The data is not in a form that can be manipulated for exploration and visualization.

2. Get a Handle on the Structure of the Data

2a. Number of Rows and Columns


In [4]:
# Look at the first few lines of the data -- scroll to the right to see more columns
df_churn.head()


Out[4]:
customerID gender SeniorCitizen Partner Dependents tenure PhoneService MultipleLines InternetService OnlineSecurity ... DeviceProtection TechSupport StreamingTV StreamingMovies Contract PaperlessBilling PaymentMethod MonthlyCharges TotalCharges Churn
0 7590-VHVEG Female 0 Yes No 1 No No phone service DSL No ... No No No No Month-to-month Yes Electronic check 29.85 29.85 No
1 5575-GNVDE Male 0 No No 34 Yes No DSL Yes ... Yes No No No One year No Mailed check 56.95 1889.5 No
2 3668-QPYBK Male 0 No No 2 Yes No DSL Yes ... No No No No Month-to-month Yes Mailed check 53.85 108.15 Yes
3 7795-CFOCW Male 0 No No 45 No No phone service DSL Yes ... Yes Yes No No One year No Bank transfer (automatic) 42.30 1840.75 No
4 9237-HQITU Female 0 No No 2 Yes No Fiber optic No ... No No No No Month-to-month Yes Electronic check 70.70 151.65 Yes

5 rows × 21 columns

How many rows (# of customers) and how many columns (# attritbutes of each customer) do we have?


In [5]:
# Number of rows and columns
num_rows, num_cols = df_churn.shape
num_rows, num_cols


Out[5]:
(7043, 21)

This meams we have 7,043 customers with each customer tagged with 21 individual attributes such as customerID, gender, SeniorCitizen, etc. Let's get a complete list of the attributes.

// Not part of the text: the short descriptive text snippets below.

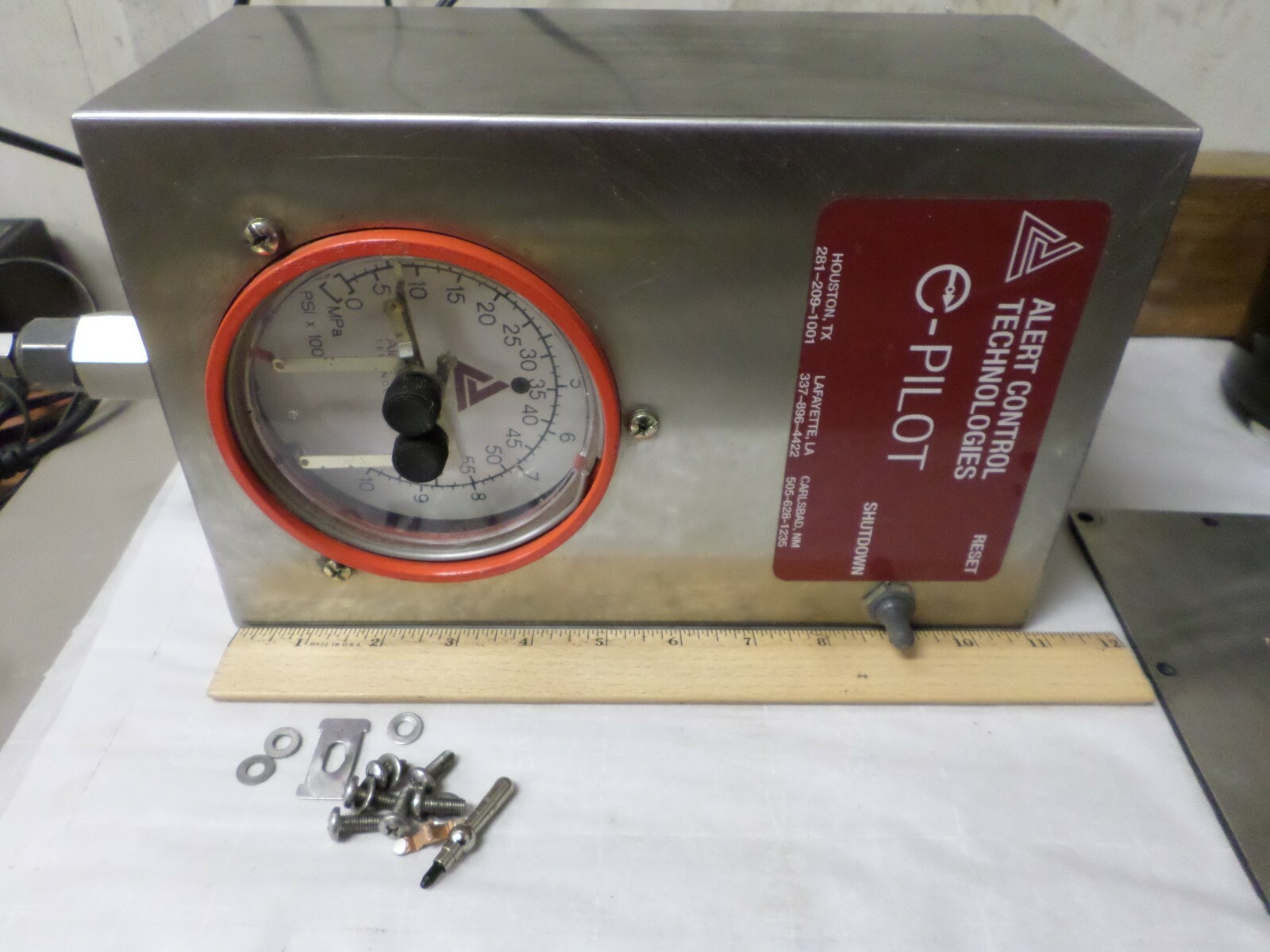 Alert Control ~ E-PILOT Level  Pressure Monitor Alarm Controller PARTS OR REPAIR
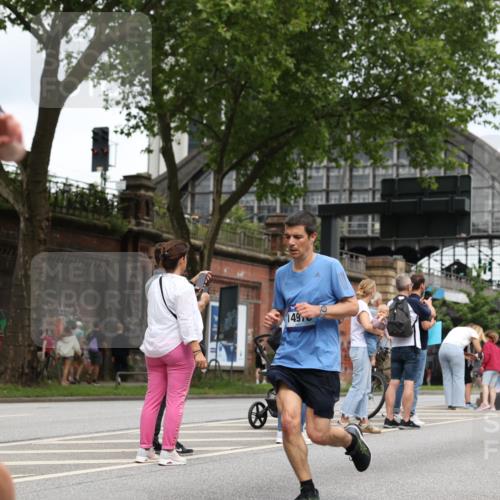 29.06.2025 - hella hamburg halbmarathon Yannick Fuchs http://msf.ph/oto/8155650 29.06.2025 10:58:17 20KM 2810, 3919, 4542, 6100, 7042, 7474, 7907, 8171, 8810, 8890, 9254, 9680, 9816, 10694, 11960, 12479, 12646, 13503, 13542, 13901, 14225, 14822, 14970, 15698, 15797, 16594, 16753, 17112, 17150, 17533, 18321, 18395, 18440, 18739, 19240 meine-sportfotos.de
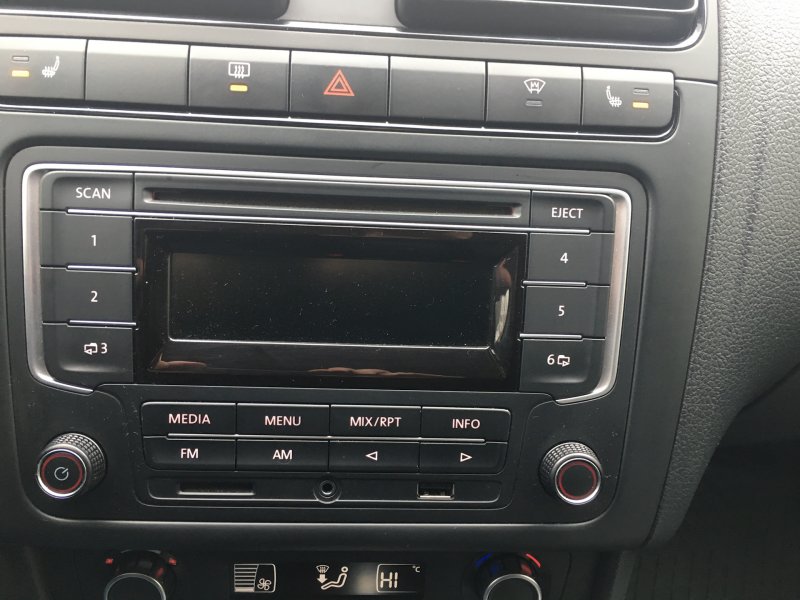 VW Polo RCD 220
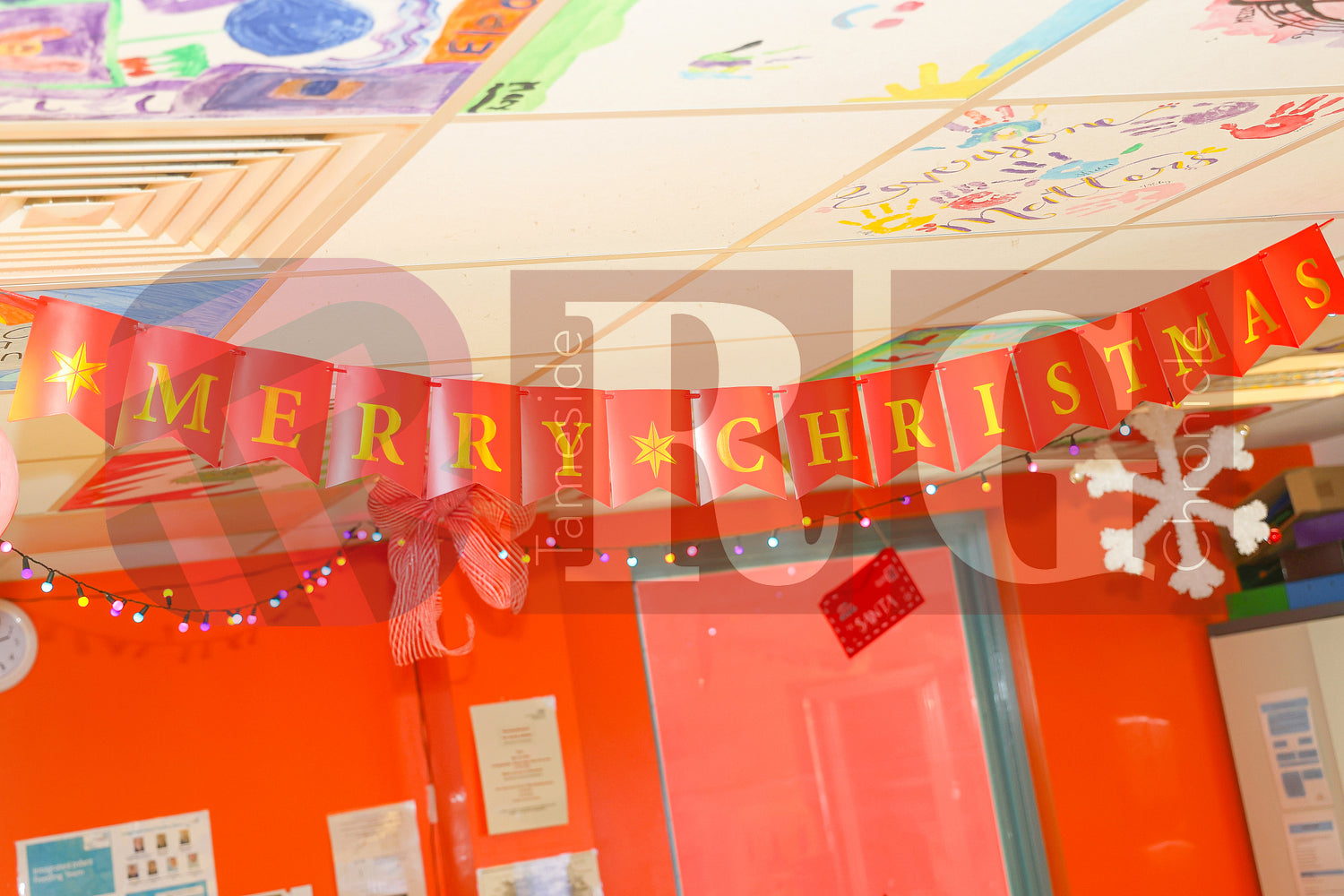 SANTA VISIT TAMESIDE CHILDRENS UNIT 2024 (50).JPG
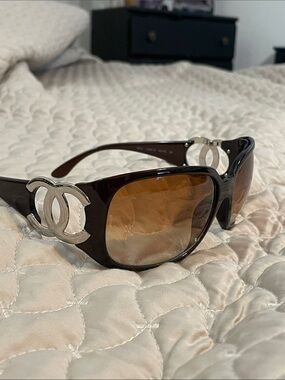 CHANEL Brown Gradient Women's Sunglasses with CC Emblem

2b. An Overview of Customer Features (or Attributes)

Here is a complete list of features (also known as attributes) that describe each of the 7,043 customers. We don't know yet if all customers are tagged with all 21 features -- we'll find out soon.


In [6]:
# Here is a list of the features with the first 5 values of each feature.
feature_list = list(df_churn)
# First 5 values of each feature in the list
first_5 = [list(df_churn[attribute][0:5]) for attribute in feature_list]
list(zip(feature_list, first_5))


Out[6]:
[('customerID',
  ['7590-VHVEG', '5575-GNVDE', '3668-QPYBK', '7795-CFOCW', '9237-HQITU']),
 ('gender', ['Female', 'Male', 'Male', 'Male', 'Female']),
 ('SeniorCitizen', [0, 0, 0, 0, 0]),
 ('Partner', ['Yes', 'No', 'No', 'No', 'No']),
 ('Dependents', ['No', 'No', 'No', 'No', 'No']),
 ('tenure', [1, 34, 2, 45, 2]),
 ('PhoneService', ['No', 'Yes', 'Yes', 'No', 'Yes']),
 ('MultipleLines', ['No phone service', 'No', 'No', 'No phone service', 'No']),
 ('InternetService', ['DSL', 'DSL', 'DSL', 'DSL', 'Fiber optic']),
 ('OnlineSecurity', ['No', 'Yes', 'Yes', 'Yes', 'No']),
 ('OnlineBackup', ['Yes', 'No', 'Yes', 'No', 'No']),
 ('DeviceProtection', ['No', 'Yes', 'No', 'Yes', 'No']),
 ('TechSupport', ['No', 'No', 'No', 'Yes', 'No']),
 ('StreamingTV', ['No', 'No', 'No', 'No', 'No']),
 ('StreamingMovies', ['No', 'No', 'No', 'No', 'No']),
 ('Contract',
  ['Month-to-month',
   'One year',
   'Month-to-month',
   'One year',
   'Month-to-month']),
 ('PaperlessBilling', ['Yes', 'No', 'Yes', 'No', 'Yes']),
 ('PaymentMethod',
  ['Electronic check',
   'Mailed check',
   'Mailed check',
   'Bank transfer (automatic)',
   'Electronic check']),
 ('MonthlyCharges',
  [29.850000000000001,
   56.950000000000003,
   53.850000000000001,
   42.299999999999997,
   70.700000000000003]),
 ('TotalCharges', [29.85, 1889.5, 108.15, 1840.75, 151.65]),
 ('Churn', ['No', 'No', 'Yes', 'No', 'Yes'])]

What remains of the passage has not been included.